Moskow (ANTARA) - Menteri Luar Negeri Rusia Sergey Lavrov pada Jumat mengatakan bahwa tidak menutup kemungkinan Barat akan menjadikan China sebagai target mereka berikutnya setelah Rusia.
"Mereka tidak menutup kemungkinan bahwa ketika Rusia, seperti yang mereka katakan, kalah, China akan menjadi target berikutnya," kata Lavrov dalam konferensi pers bersama Menlu Turki Mevlut Cavusoglu di Ankara.
"Juga negara mana pun yang berani bertindak secara independen dan memutuskan kepentingan nasionalnya, dan tidak mengikuti apa yang telah ditetapkan AS dan negara-negara Barat lainnya," ujar dia.
Lavrov menambahkan bahwa pernyataan negara-negara Barat, yang terus memasok senjata ke Kiev dan menolak mengumumkan gencatan senjata, telah menunjukkan bahwa mereka tidak ingin benar-benar menyelesaikan konflik Ukraina.
Dia juga memperingatkan bahwa jika bagian Rusia dalam Kesepakatan Laut Hitam, atau yang dikenal dengan Black Sea Grain Initiative, tidak dilaksanakan maka Moskow akan mempertimbangkan untuk mengubah pendiriannya dan melanjutkan ekspor biji-bijian melalui Turki dan Qatar.
"Kami terpaksa sedikit melakukan eskalasi dan memperpanjang inisiatif ekspor biji-bijian selama 60 hari. Jika tidak ada kemajuan lebih lanjut, kami akan berpikir ulang," kata Lavrov.

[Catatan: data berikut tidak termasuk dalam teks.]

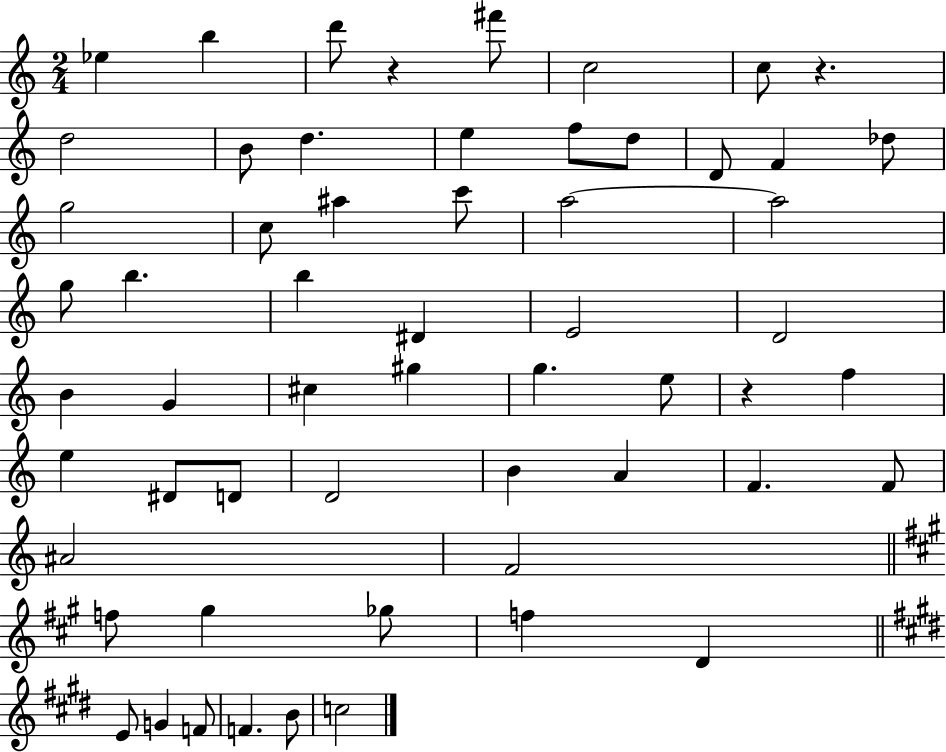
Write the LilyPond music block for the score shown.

{
  \clef treble
  \numericTimeSignature
  \time 2/4
  \key c \major
  \repeat volta 2 { ees''4 b''4 | d'''8 r4 fis'''8 | c''2 | c''8 r4. | \break d''2 | b'8 d''4. | e''4 f''8 d''8 | d'8 f'4 des''8 | \break g''2 | c''8 ais''4 c'''8 | a''2~~ | a''2 | \break g''8 b''4. | b''4 dis'4 | e'2 | d'2 | \break b'4 g'4 | cis''4 gis''4 | g''4. e''8 | r4 f''4 | \break e''4 dis'8 d'8 | d'2 | b'4 a'4 | f'4. f'8 | \break ais'2 | f'2 | \bar "||" \break \key a \major f''8 gis''4 ges''8 | f''4 d'4 | \bar "||" \break \key e \major e'8 g'4 f'8 | f'4. b'8 | c''2 | } \bar "|."
}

Kesepakatan Laut Hitam ditandatangani PBB, Turki, Rusia, dan Ukraina di Istanbul, Turki, pada 22 Juli 2022. Perjanjian itu menciptakan prosedur untuk melanjutkan ekspor biji-bijian dari tiga pelabuhan Laut Hitam Ukraina dengan aman guna mengatasi krisis pangan global.
Ekspor hasil pertanian Ukraina dan Rusia sempat terhenti sementara setelah perang Rusia di Ukraina pada Februari 2022.
Inisiatif itu diperpanjang selama 120 hari pada November 2022, dan tambahan 60 hari pada Maret.
Sumber: Anadolu
Baca juga: Presiden Rusia dan Belarus berkomitmen perkuat integrasi
Baca juga: Lavrov: Rusia dan AS ada di fase perang yang memanas
Baca juga: Putin sebut hubungan Rusia-AS dalam kondisi "krisis yang serius"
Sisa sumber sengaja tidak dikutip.